The other propositions advanced as error to reverse are to be determined from a consideration of the issue of self-defense. It is argued that defendant was entitled to a directed verdict or the affirmative charge on this special plea or if not that the great preponderance of the evidence sustained the plea to the result that error prevailed in the ruling of the trial court in denying the motion for new trial on that ground. Here also, however, we find ourselves in disagreement with learned counsel who have so cogently argued the point. True, the interpretation appellant would accord the evidence might lead to the result contended for, but there were sufficient adverse inferences which presented serious conflicts on the issue of the self-defense of Vanderford *689 and Thomas and it was within the province of the jury to resolve the conflicts against the defendant, as it did do.

The allegations of the plea of self-defense, in essence, are: (1) that at the time of the fatal shooting the deceased was making a violent assault with a pistol upon defendant's agents or servants, which assault placed said servants or agents in imminent danger, real or apparent, of their lives or serious bodily harm; (2) that said agents or servants had no reasonable means of escape without increasing their peril; and (3) that said agents or servants were free from fault in bringing on the difficulty.

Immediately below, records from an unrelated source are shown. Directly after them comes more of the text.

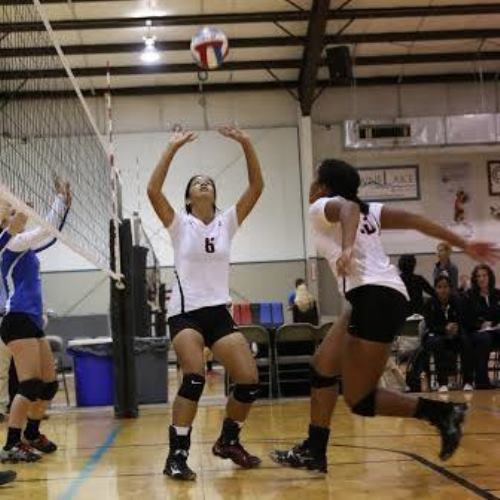 Senior girls volleyball captain Monica Dayao sets a ball at the Texas Tornados Tournament. (Courtesy of Monica Dayao)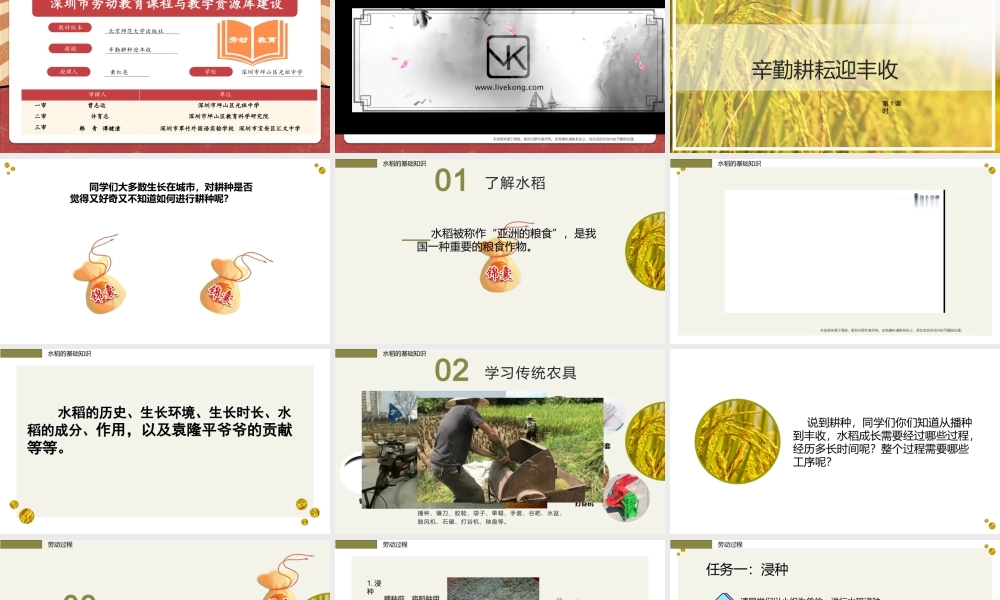 课时19026_活动11《辛勤耕耘迎丰收》第一课时-辛勤耕耘迎丰收】【虚拟宝库网www.xunibaoku.com】.pptx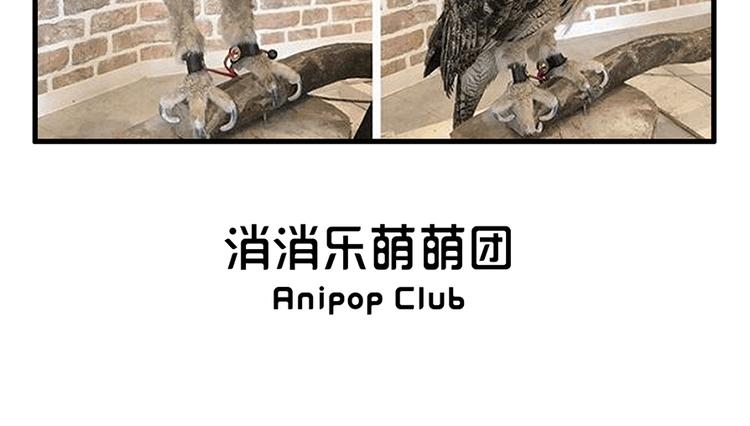 《消消乐萌萌团》消消乐萌萌团番外08—10 第6页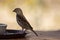 Close up isolated image of a wild sparrow landing on the rim of a breakfast plate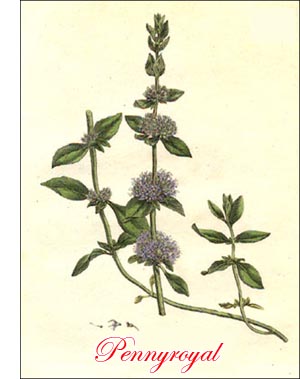 Pennyroyal herb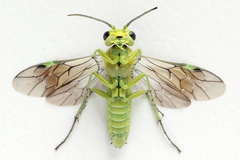 Rhogogaster picta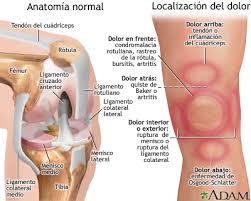 RODILLA1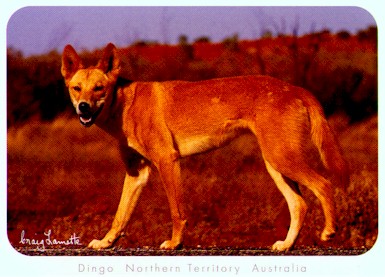 Dingos, Dingos, Dingos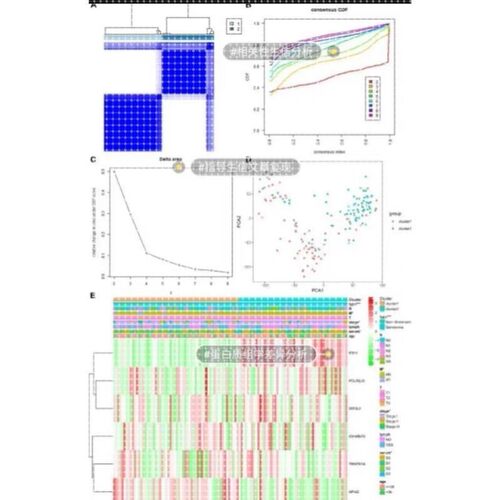生信分析单细胞转录组geo数据库挖掘测序分析网络药理分子对接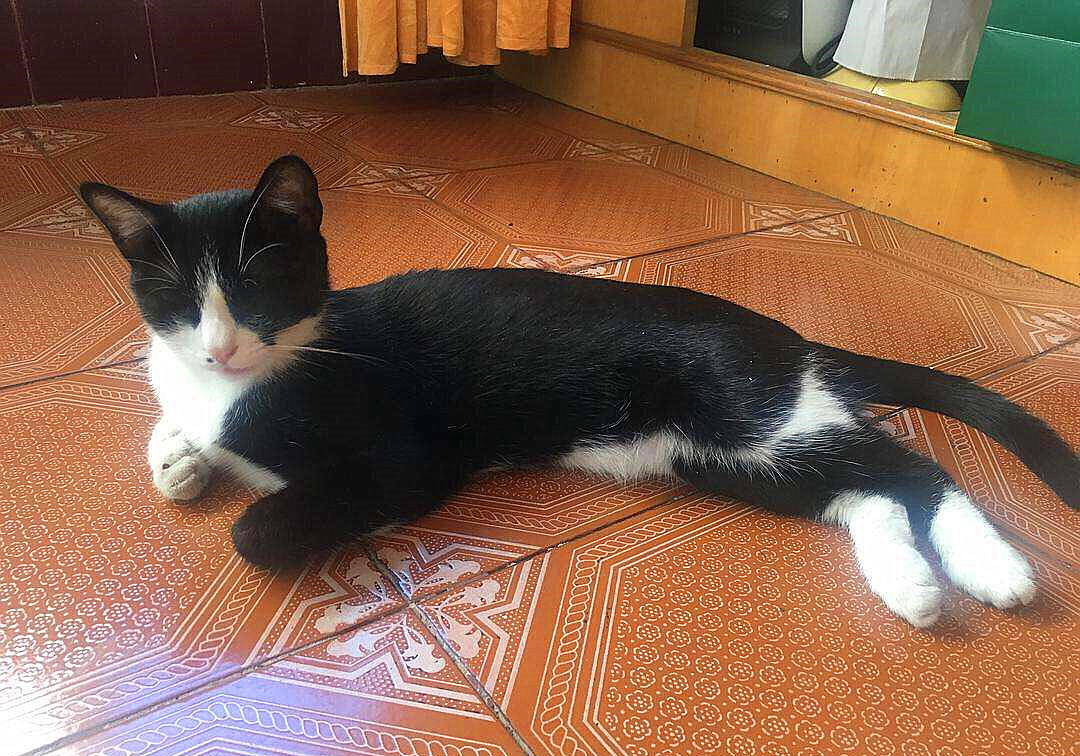 20块钱能买几只猫,20块钱买的猫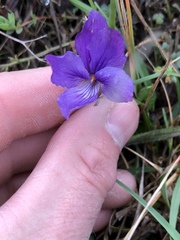 Viola adunca adunca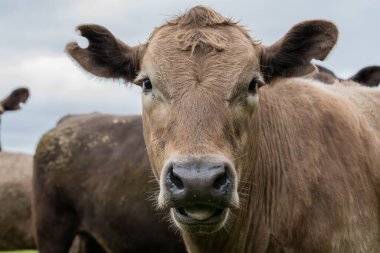 Güneybatı Victoria, Avustralya 'da otlayan damızlık sığır, inek ve buzağılar. saman ve tohum yiyorlar. Türleri arasında benekli park, Murray Grey, Angus, Brangus ve Wagyu bulunur..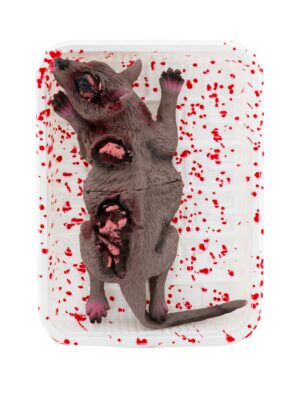 blutige Ratte Farbe: keine Farbe
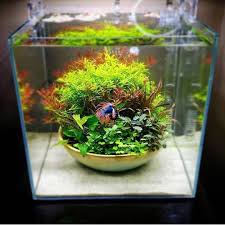Aquarium Hobby On Instagram Who Thought A Betta Tank Could Be This Nice Photo From Glassgroveaqua In 2020 Fish Tank Themes Tropical Fish Tanks Cool Fish Tanks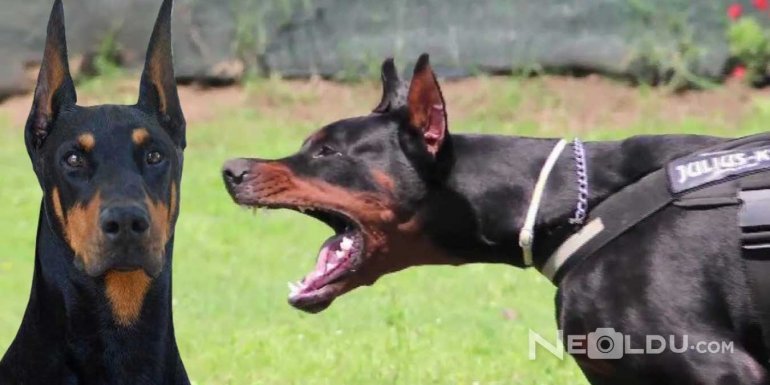 Doberman Cinsi Köpek Bakımı ve Özellikleri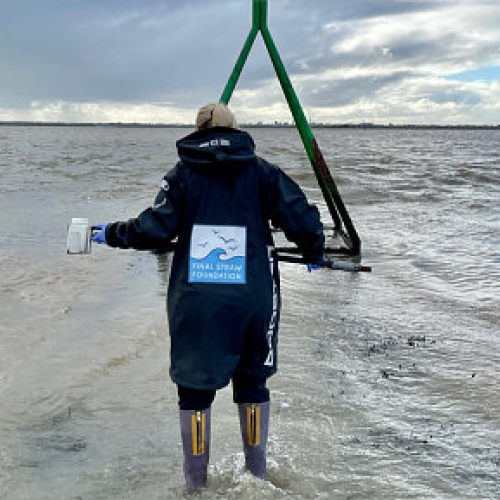 Harbour Water Quality Concerns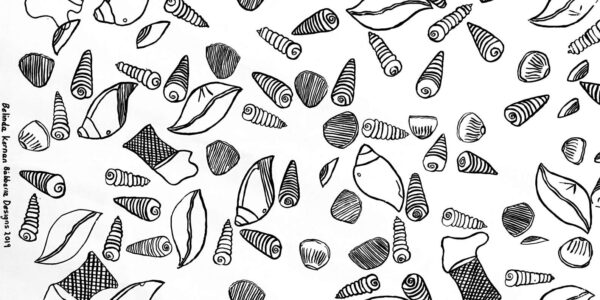 BELINDA-KERNAN-SEASHEELLS-BANNER-1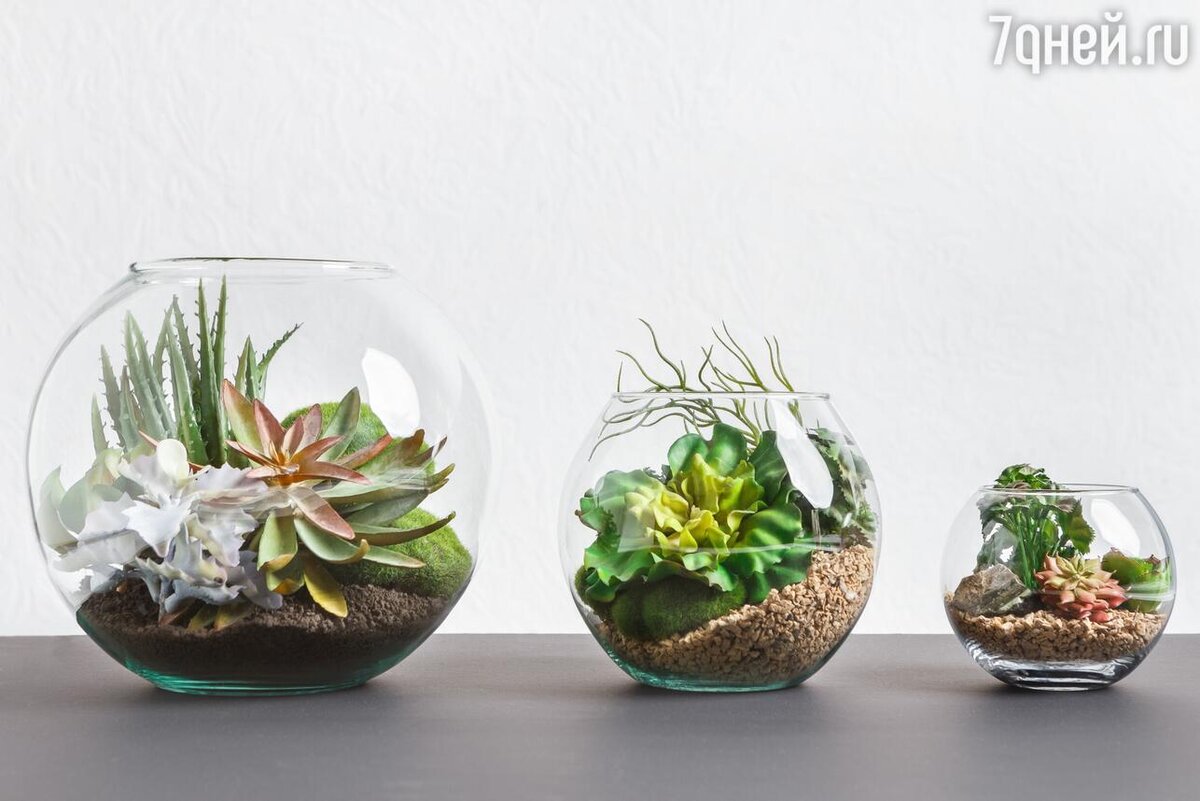     123RF/legion-media.ru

The pertinent rule is that obtaining in felonious criminal cases. The burden of proof is on the defendant to prove that its agent or servant was in impending peril, that there was no reasonable avenue of retreat; and these two elements being established, the burden would then shift to the plaintiff to show that the agent or servant was at fault in bringing on the difficulty. Mt. Vernon Woodberry Mills v. Little, supra; Morris v. McClellan, 154 Ala. 639, 45 So. 641, 16 Ann.Cas. 305.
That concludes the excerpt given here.